We can see that a non-admin user gets sent an e-mail with the 2fa code, we can access this with the /webmail route.

There is however another big difference: the admin first resets the seed, then generates the code, while the user first generates the code, and then resets the seed.

The lcg_seed update from create_2fa_code is done by this (reversible) function:

def lcg_next(seed):
    """LCG forward: X(n+1) = (a*X(n) + c) mod m, followed by XOR shifts"""
    x = (LCG_A * seed + LCG_C) % LCG_M
    MASK_64 = (1 << 64) - 1
    x = (x ^ (x << 21)) & MASK_64
    x = (x ^ (x >> 35)) & MASK_64
    x = (x ^ (x << 4)) & MASK_64
    return x

And the code to generate a 2fa just takes: $\text{new seed} \mod 10^{20}$.
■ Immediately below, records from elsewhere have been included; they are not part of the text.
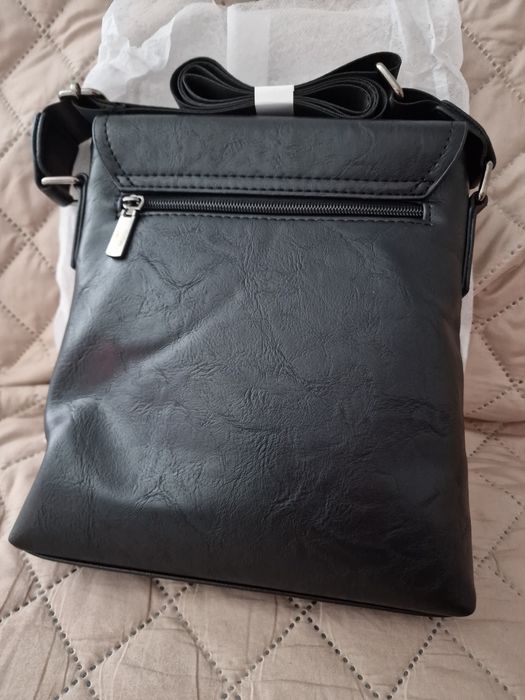 Мъжка Чанта от естествета кожа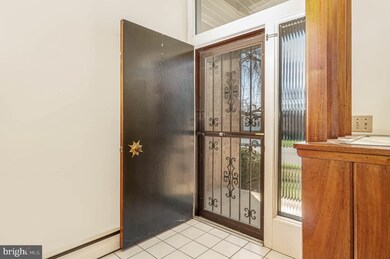 295 E Market St, Palmyra, PA 17078 - photo 4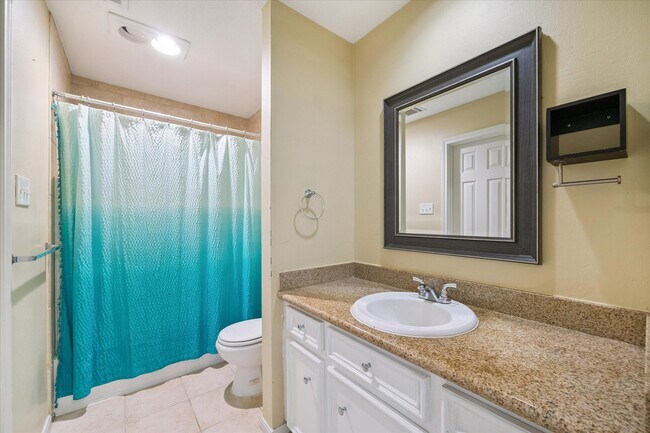 Building Photo - 1118 Sherfield Ridge Dr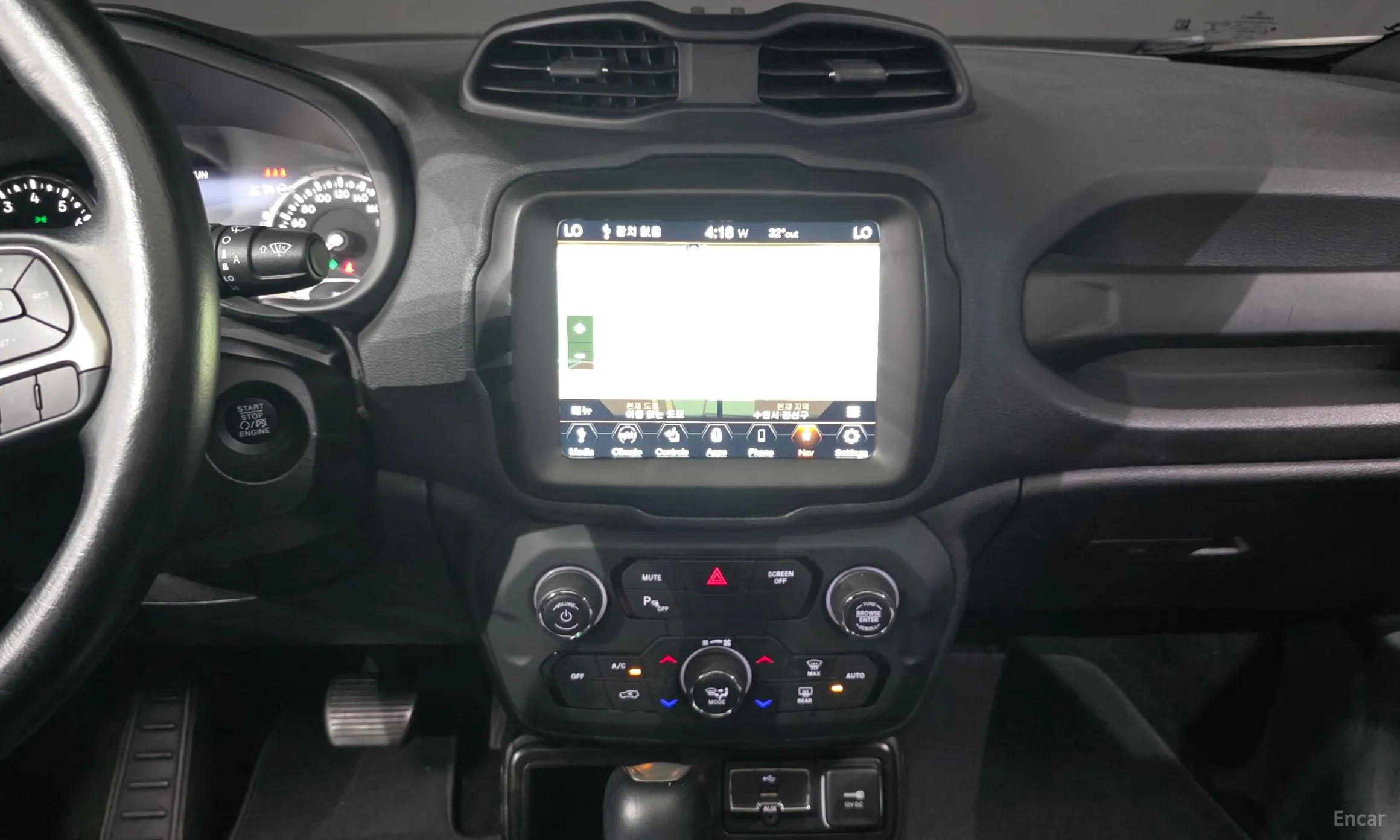 Jeep Renegade превью 13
def generate_2fa_code(seed):
    """
    Generate a 20-digit 2FA code from a seed.
    """
    code_num = lcg_next(seed)
    code = str(code_num % 10**20).zfill(20)
    return code, code_num

Solution

  1. Log in with the admin account
  2. Log in with user account, this uses the same lgc_seed as the admin 2fa code
  3. Get the 2fa code from the user account
  4. Reverse lcg_next to get admin 2fa code

Solution script

LCG_A = 6364136223846793005
LCG_M = 2**64
LCG_C = 1442695040888963407
MASK_64 = (1 << 64) - 1
# Modular inverse of LCG_A mod 2^64
LCG_A_INV = pow(LCG_A, -1, LCG_M)

def _undo_xor_shift_left(x, shift):
    result = x
    s = shift
    while s < 64:
        result ^= (result << s) & MASK_64
        s <<= 1
    return result & MASK_64

def undo_xor_shift_right(x, shift):
    result = x
    s = shift
    while s < 64:
        result ^= (result >> s)
        s <<= 1
    return result & MASK_64

def lcg_prev(value):
    x = value
    # Undo x ^= (x << 4)
    x = _undo_xor_shift_left(x, 4)
    # Undo x ^= (x >> 35)
    x = _undo_xor_shift_right(x, 35)
    # Undo x ^= (x << 21)
    x = _undo_xor_shift_left(x, 21)
    # Undo (LCG_A * seed + LCG_C) % LCG_M
    seed = (LCG_A_INV * (x - LCG_C)) % LCG_M
    return seed

current_code = input("Enter the 2FA code from the email: ")
prev_lgc = lcg_prev(int(current_code))
print(f"Previous LCG seed (admin 2fa): {prev_lgc}")